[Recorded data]
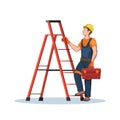 Worker with toolbox use a ladder. Builder with uniform and helmet. Engineer on stepladder. Isolated industrial scene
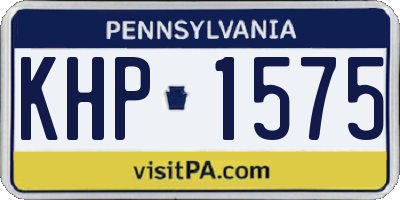 PA license plate KHP1575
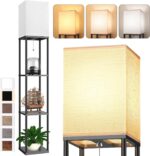Floor Lamp with Shelves for Living Room, Shelf Floor Lamp with 3 CCT LED Bulb, Corner Display Standing Column Lamp Etagere Organizer Tower Nightstand with White Linen Shade for Bedroom, Office - Image 2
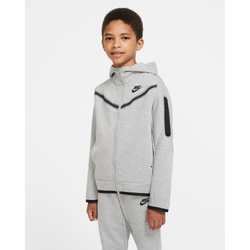 Grade School Hoodies - Nike Tech Fleece - Dark Grey Heather-Black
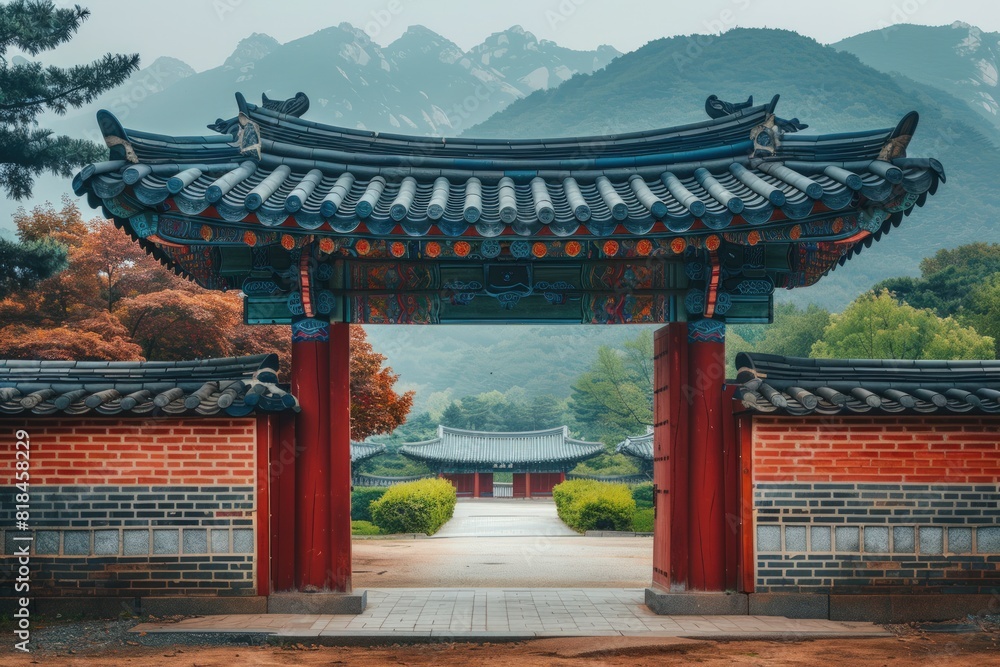 Gyeongbok palace in Seoul City, Gyeongbokgung palace landmark of Seoul, South Korea, Korean wooden traditional house in Gyeongbokgung the main royal palace of Joseon dynasty.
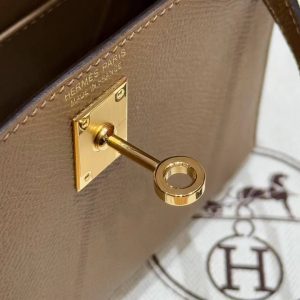 Hermes Kelly Mini 2 19 CM Bag Handmade In Epsom Calfskin Leather Gold Hardware 3G Alezan - Image 13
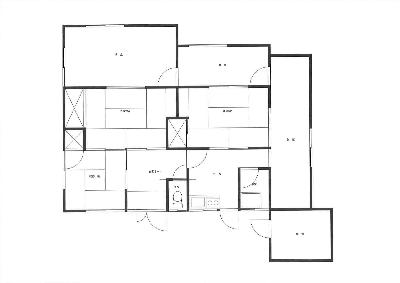 Floor plan for 1970s wood house in Hyogo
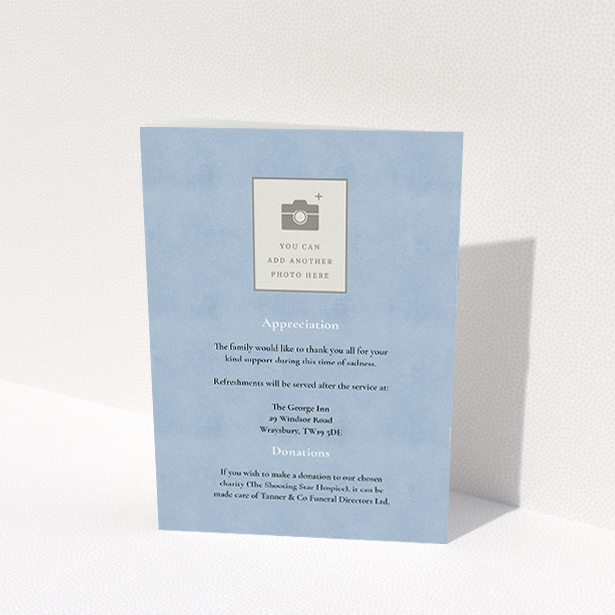 A funeral order of service named "Oval Frame. It is an A5 booklet in a portrait orientation. It is a photographic funeral order of service with room for 1 photo. "Oval Frame" is available as a folded booklet booklet, with neutral tones.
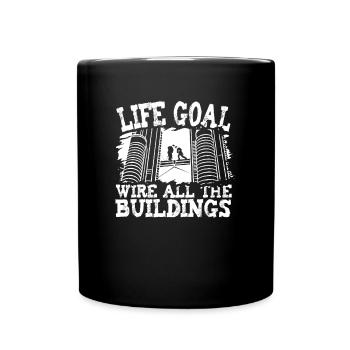 Electrician Electrical Engineer Electronics Technician - Full Colour Mug - black - Front
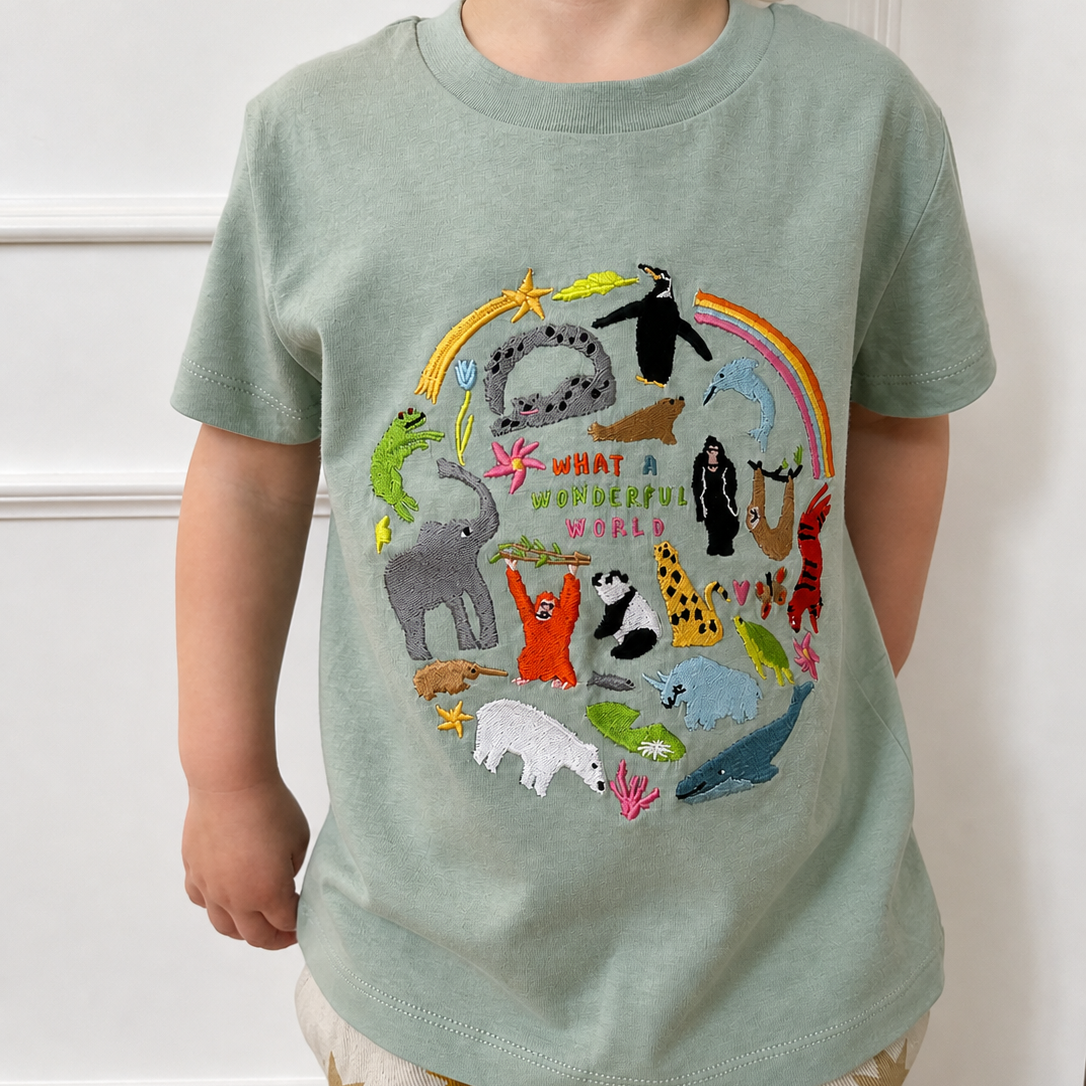 WWF Limited Edition 'What A Wonderful World' Embroidered Kids T-Shirt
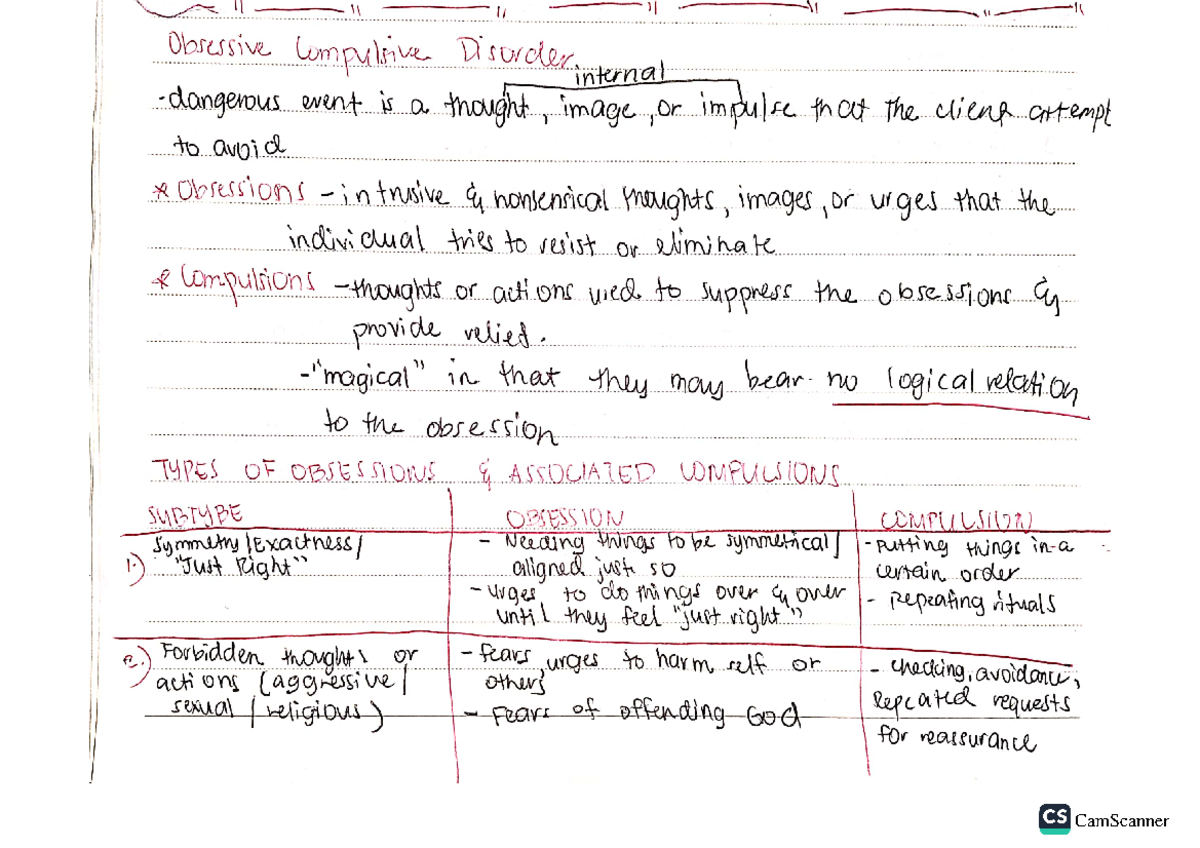 OCD Study Notes: Understanding Obsessive-Compulsive Disorder - Studocu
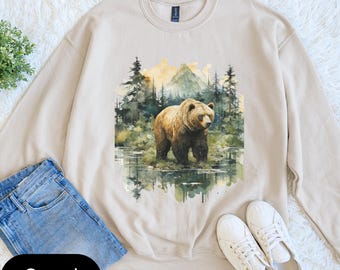 Retro Grizzly Bear Mountain Sweatshirt, Cozy Unisex Crewneck, Hiker Nature Wildlife Sweatshirt,Nineties 90s Vintage Brown Bear Shirt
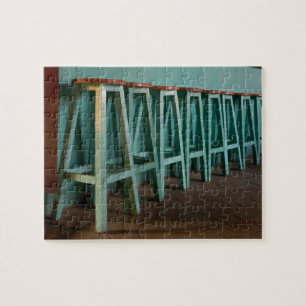 Mexico, Oaxaca, Groene barkrukken tegen de muur Legpuzzel
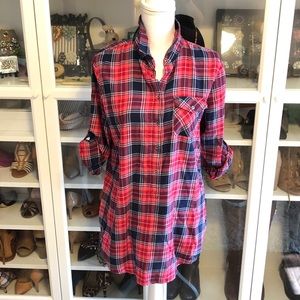 J. Crew Factory Popover Plaid Tunic Blouse
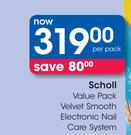 Scholl Value Pack Velvet Smooth Electronic Nail Care System-Per Pack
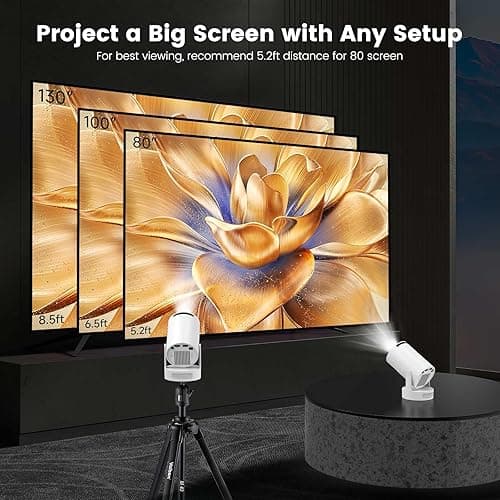 Mini Portable Projector with 4K Support, Bluetooth 5.4 WIFI6, 5watt Sound Base Speaker, 160 ANSI, Android 11, 210° Rotation , Auto Keystone Correction Video Projector HY300 ULTRA - HY300 ULTRA thumbnail 8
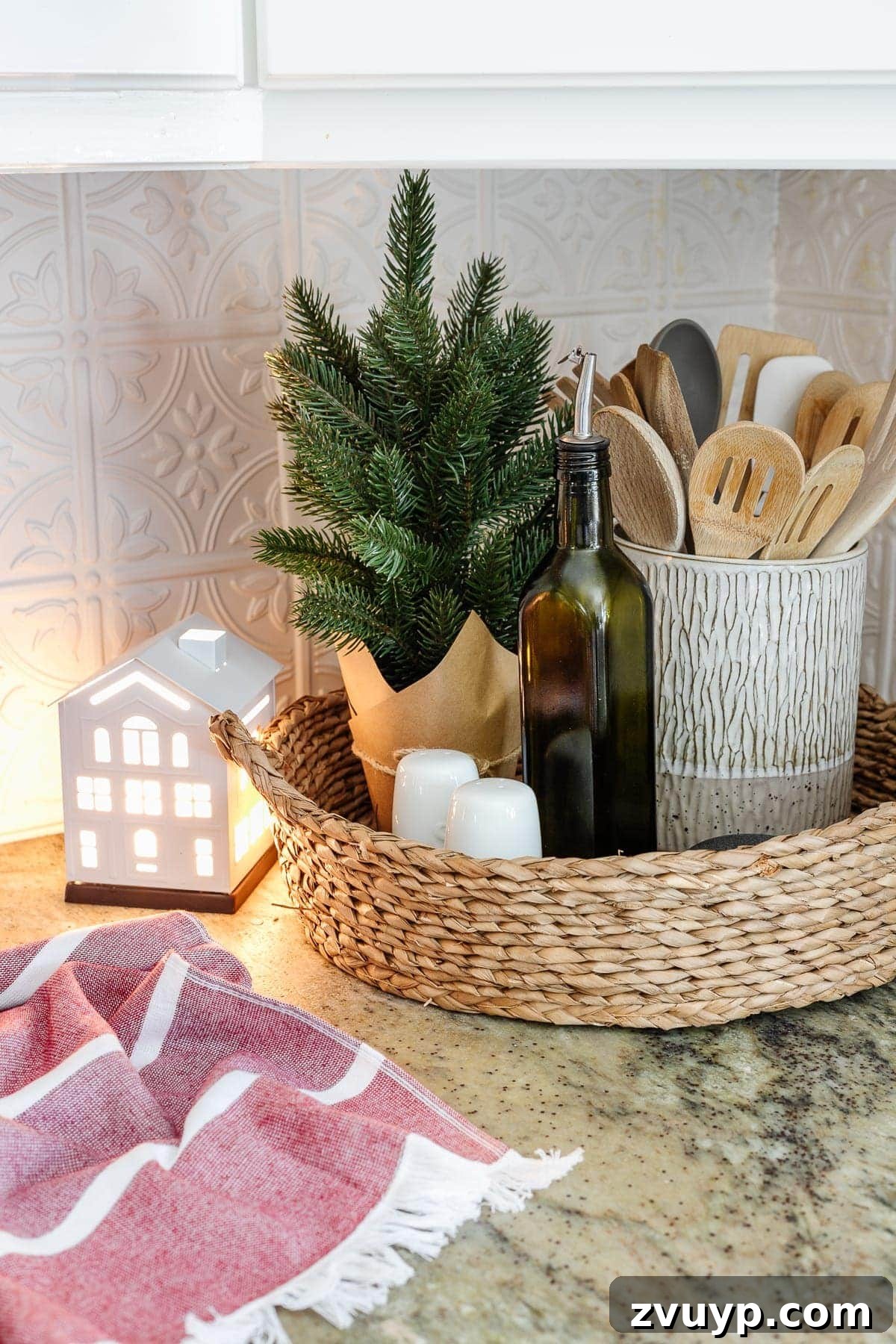 kitchen countertop tray with christmas decor and candles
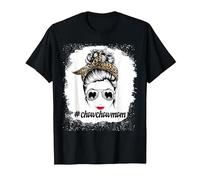 Chow Chow Dog Mom Bleached Messy Bun Leopard Women Pet Lover T-Shirt, Homme, Noir, XXL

[Work task]
Reproduce the lines from the one holding "J. Crew Factory Popover Plaid Tunic Blouse" through the end of the entries above exactly, keeping both ends and dropping every picture.

[Task response]
 J. Crew Factory Popover Plaid Tunic Blouse
 Scholl Value Pack Velvet Smooth Electronic Nail Care System-Per Pack
 Mini Portable Projector with 4K Support, Bluetooth 5.4 WIFI6, 5watt Sound Base Speaker, 160 ANSI, Android 11, 210° Rotation , Auto Keystone Correction Video Projector HY300 ULTRA - HY300 ULTRA thumbnail 8
 kitchen countertop tray with christmas decor and candles
 Chow Chow Dog Mom Bleached Messy Bun Leopard Women Pet Lover T-Shirt, Homme, Noir, XXL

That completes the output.